Our holdings for the biological sciences include a spectacular collection of printed works on natural history from the early modern period to the nineteenth century. These include a particularly strong collection of ornithological works, including Audubon, Bewick, Buffon, Gould, Temminck and le Vaillant. Many important botanical books and herbals are also part of our holdings including Leonhart Fuchs’s New Kreüterbüch (1543), and Robert Thornton’s Temple of Flora (1799-1807). The major works of Carl Linnaeus and Charles Darwin are also represented.

Archive collections range from the Henry Baker papers which are very informative on the applications of the microscope in studying biological specimens in the 18th century. The marine zoologist Sydney Hickson (1859-1940) was professor of zoology at the University of Manchester; his papers including an important set of notebooks of an expedition to Celebes (Sulawesi) in 1880s to study marine life.

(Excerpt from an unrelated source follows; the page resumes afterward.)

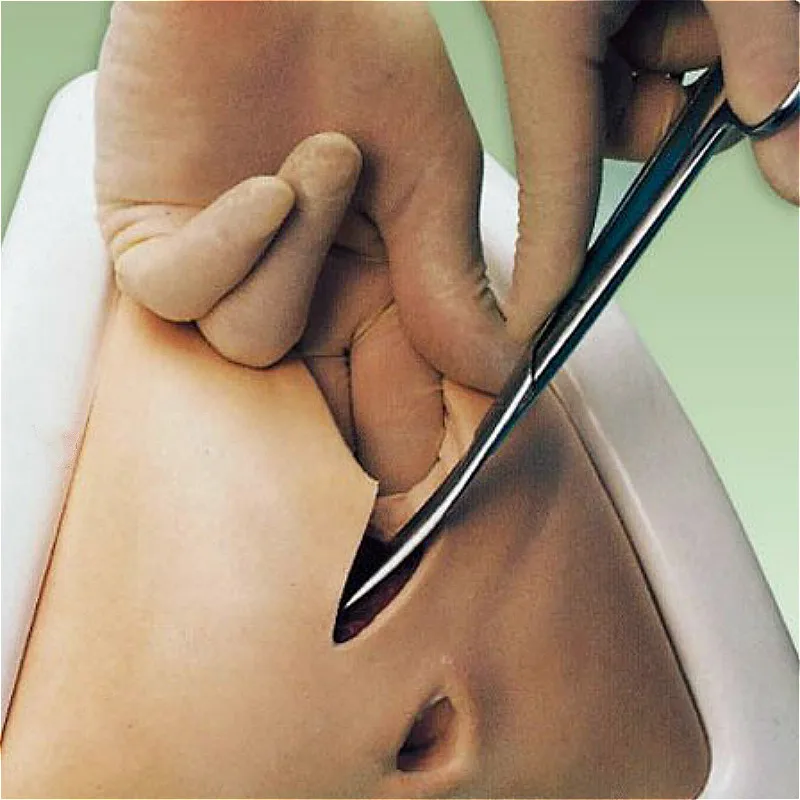 Перинеотомия и эпизиотомия презентация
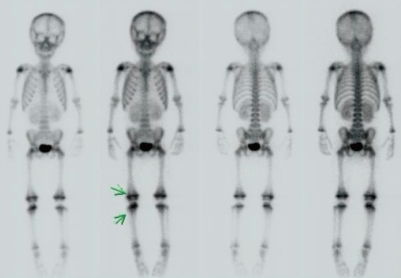 Whole Body Bone Scan Using Technetium 99m Shows Increas Open I   PMC3012272 Kjped 53 931 G002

Claude Wardlaw (1901-85), professor of botany at the University of Manchester, was an expert in tropical botany and his papers provide invaluable insight into colonial economic botany in mid-20th-century West Indies and Africa.

In addition, there are small collections of papers relating to the naturalist Gilbert White (1720–93), author of The Natural History of Selborne in the English Manuscript series (English MSS 911, 130)and in the Grey (Stamford) of Dunham Massey Papers. We also have an (uncatalogued) album of documents relating to the ornithologist Henry Dresser (1838-1915), author of A History of the Birds of Europe (1871-1896) and an important figure in the bird conservation movement.

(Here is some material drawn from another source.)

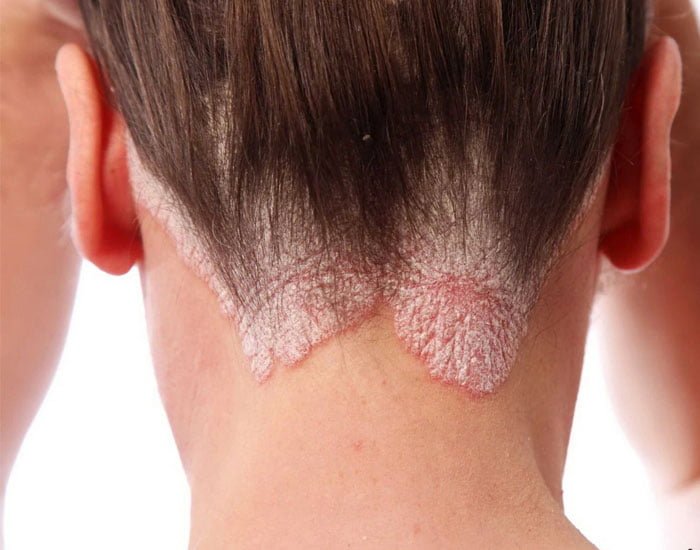 Konya Sedef Hastalığı Kesin Tedavisi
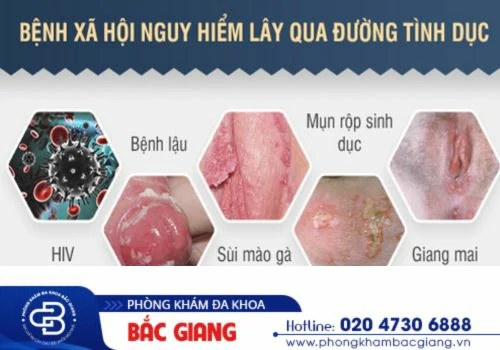 tổng hợp hình ảnh bệnh vùng kín nam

Two archive collections provide good coverage of learned groups active in this area in Manchester: the Manchester Natural History Society, which operated between 1821 and 1867, played an important role in collecting natural history specimens; its records are included with the Manchester Museum archive. The Royal Botanical and Horticultural Society of Manchester and the Northern Counties existed from 1827 into the 21st century, and was responsible for Manchester’s (now disappeared) botanical gardens in Old Trafford, and hence played an important part in the civic life of Manchester.

Computing and Mathematics

The History of Computing Collection is a nationally-important resource for computing in the UK since the 1940s. Formerly known as the National Archive for the History of Computing, it is made up of over forty individual collections of personal papers, business and organizational archives and ephemera. It is the largest specialist computing archive in the UK.

Computer scientists and engineers represented in the collection include Alan Turing, F C Williams, Tom Kilburn, Dieter Prinz, Douglas Hartree, Andrew Booth, and Simon Lavington. There are also archives for computer manufacturers and developers including LEO computers, ICL Ltd, British Tabulating Machines Ltd, and public bodies which supported early digital computers such as the National Research Development Corporation.

In addition, the HCC includes two important ‘grey literature’ collections for computer trade literature and computing manuals. These are strongest for the period between the 1960s and 1980s. The manuals collection provides comprehensive coverage of how computing practices were implemented, whilst the trade literature (which includes the USA as well as the UK) provides interesting insights into how computers were marketed and presented to a wider public. They include some fascinating visual representations of workplace computing, before the age of personal computers.

Our holdings for mathematics are mostly focussed in printed works. These include many early modern editions of works by Euclid, Pythagoras and Archimedes. Holdings are also strong for 17th- and 18th-century works by Isaac Newton, Galileo Galilei, René Descartes, and Gottfried Leibniz Blaise Pascal, Leonhard Euler, Jean Le Rond d’Alembert, and John Napier. We also have a collection of notebooks of Horace Lamb (1849-1934). Lamb was professor of mathematics at Owens College, and was noted for his contributions in applied mathematics, particularly in fluid mechanics. His notebooks cover geometry, statics, mechanics, vibrations and algebra.